_Provided entries_.
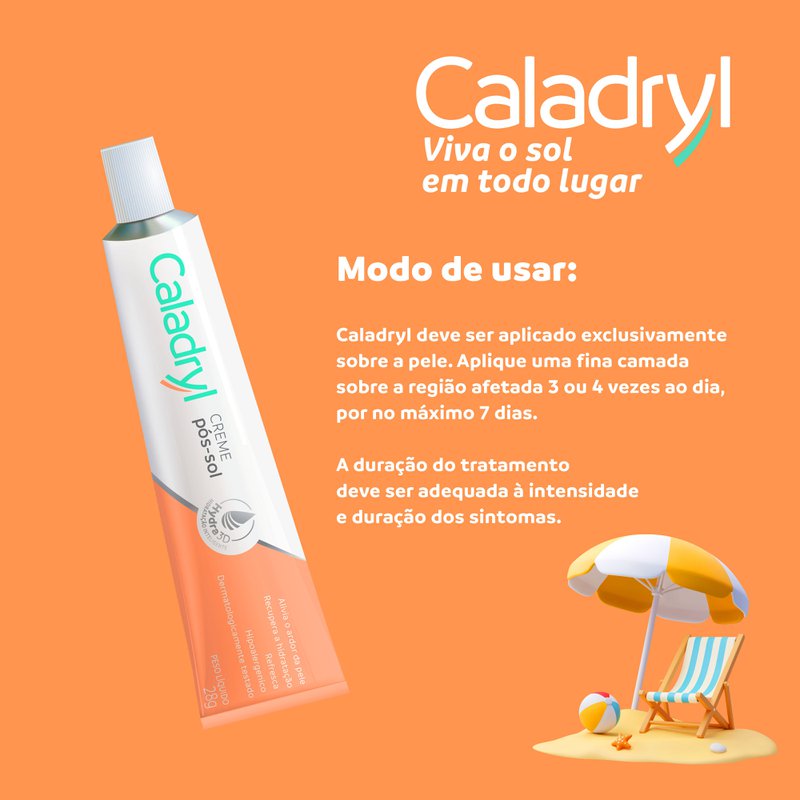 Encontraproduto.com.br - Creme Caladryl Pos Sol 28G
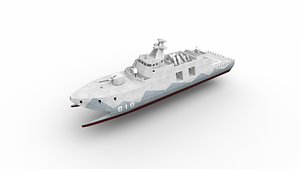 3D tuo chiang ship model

==

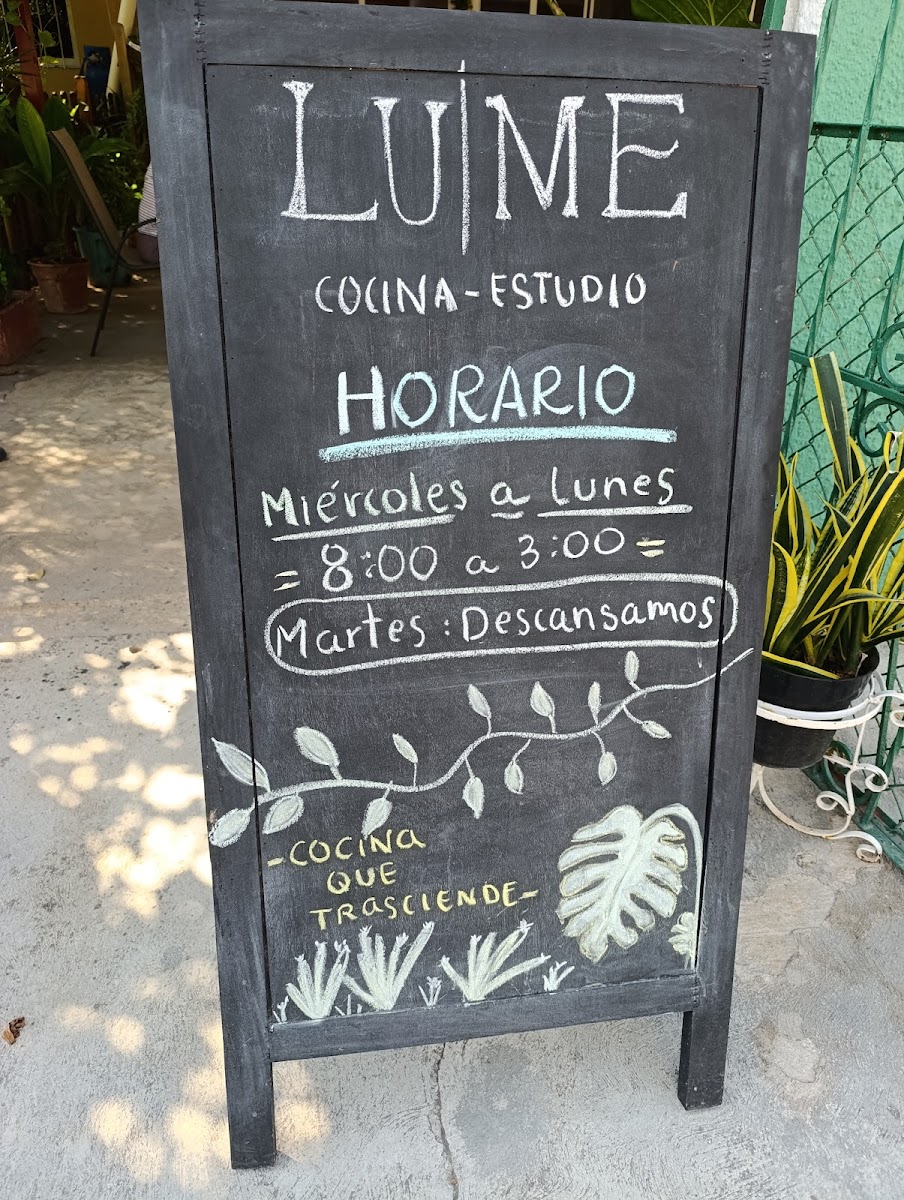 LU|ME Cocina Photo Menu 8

_Exercise_.
Starting at the line containing "Encontraproduto.com.br - Creme" and stopping at the line containing "3D tuo chiang ship model", output every line above exactly, both ends included, with pictures omitted.

_Result below_.
 Encontraproduto.com.br - Creme Caladryl Pos Sol 28G
 3D tuo chiang ship model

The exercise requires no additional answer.